Agencies typically include 2 rounds of revisions per deliverable. If you change your mind about the navigation structure after the UI is designed, that's a change order. Cost: €100–€150/hour.

2. User Testing & Recruitment

The design fee often covers the analysis of tests, but not the recruitment or incentives for participants. Paying 10 users €50 each plus using a platform like UserTesting.com adds up quickly. Cost: €1,000–€5,000 extra.

3. Assets and Licenses

Who pays for the custom font license? The stock photography? The illustration pack? Usually you. Commercial font licenses for web/app use can be surprisingly expensive. Cost: €500–€5,000.

4. The "Rush" Fee

Need it 2 weeks earlier? Expect a 20–50% premium for the agency to work nights/weekends or pull staff off other accounts.

5. Developer Handoff Gaps

If the agency just throws Figma files at your developers and walks away, you're in trouble. You may need to pay for extra "implementation support" hours where designers sit with devs to tweak padding, animations, and responsive behavior during the build.
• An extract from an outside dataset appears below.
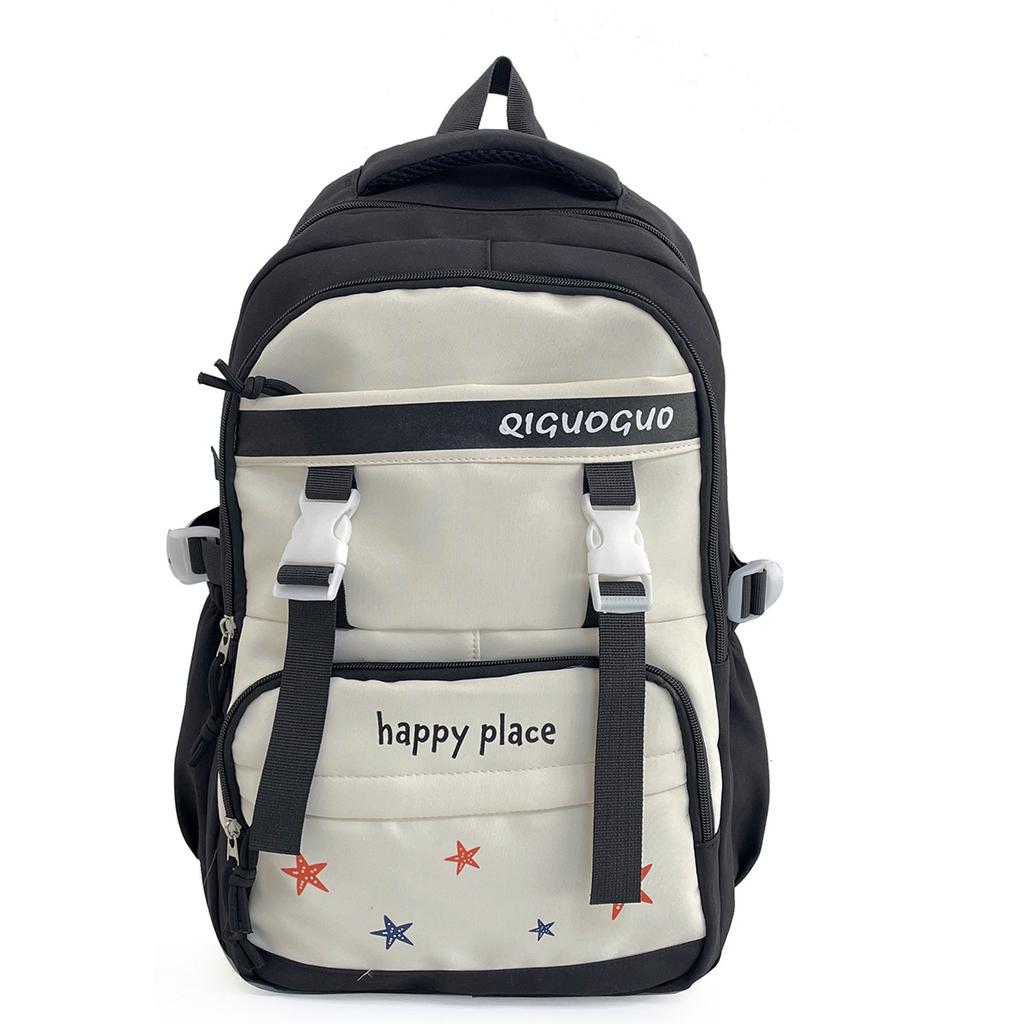 Large Capacity, High Value, Simple Color Contrast, Versatile Schoolbag, Junior High School Student, High School Student, College Student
Cost: 10–15% of total budget.

⚠️ Warning: Always keep a 15–20% contingency fund on top of the quoted price. If the project is €50k, budget €60k. You will likely need it.


Pricing Models: Which One Should You Choose?

UX design agencies will usually propose one of these three models. Knowing the difference gives you negotiation power.

1. Fixed Price (Project-Based)

The Deal: "We will build X, Y, and Z for €45,000."

  • Pros: Predictable budget. The agency takes the risk on efficiency. If they take longer, they eat the cost.
  • Cons: Inflexible. If you learn something new halfway through and want to pivot, it requires a painful "Change Order" process.
  • Best For: Well-defined projects (e.g., Marketing websites, simple MVPs) where you know exactly what you want and it won't change.

2. Time & Materials (Hourly)

The Deal: "We charge €100/hour and estimate it will take 400-500 hours."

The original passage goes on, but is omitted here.